The answer must be the full listing, word for word, with no pictures in it.

DATA SUPPLIED:
***

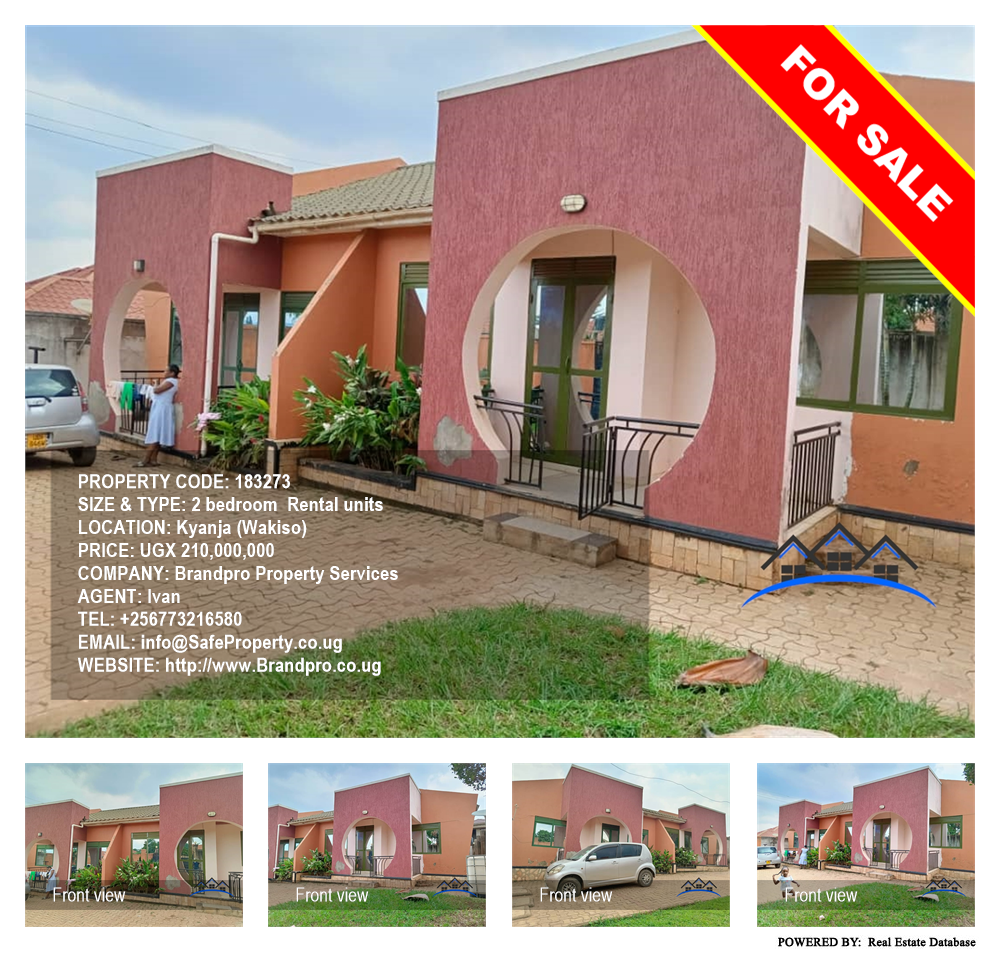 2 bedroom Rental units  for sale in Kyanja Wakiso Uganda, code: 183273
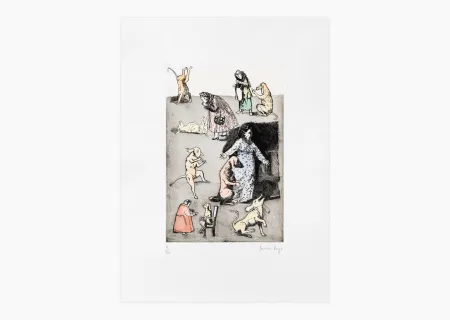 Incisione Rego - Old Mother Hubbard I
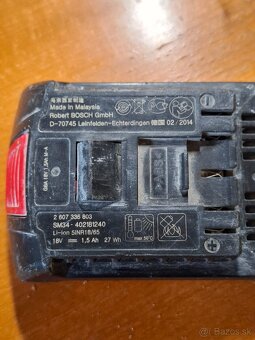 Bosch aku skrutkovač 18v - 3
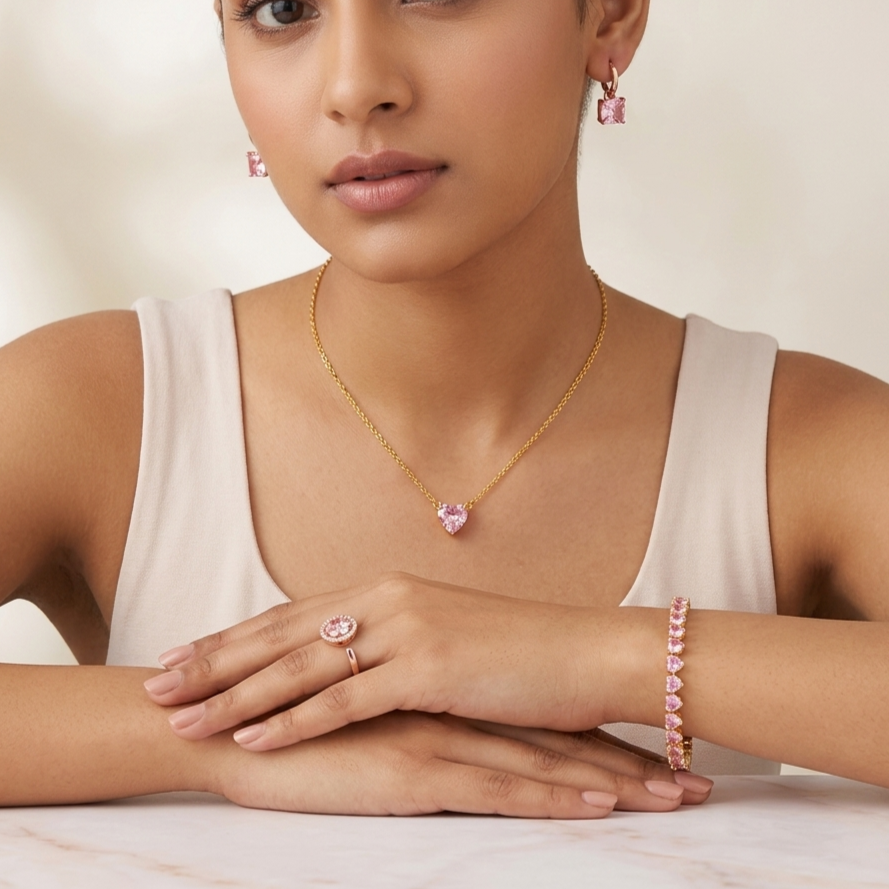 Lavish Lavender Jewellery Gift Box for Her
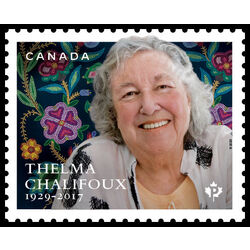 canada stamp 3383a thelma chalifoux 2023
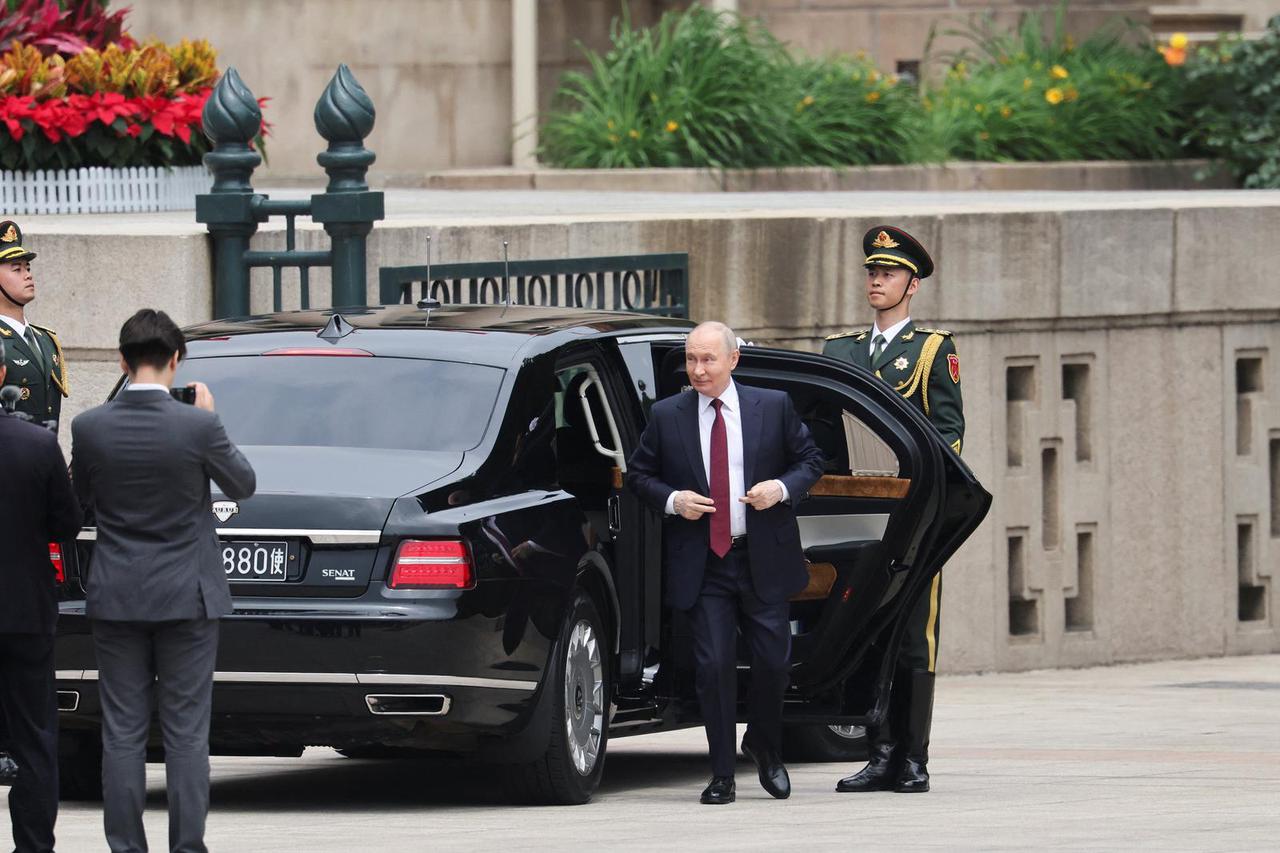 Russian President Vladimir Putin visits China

***

WRITTEN REPLY:
 2 bedroom Rental units  for sale in Kyanja Wakiso Uganda, code: 183273
 Incisione Rego - Old Mother Hubbard I
 Bosch aku skrutkovač 18v - 3
 Lavish Lavender Jewellery Gift Box for Her
 canada stamp 3383a thelma chalifoux 2023
 Russian President Vladimir Putin visits China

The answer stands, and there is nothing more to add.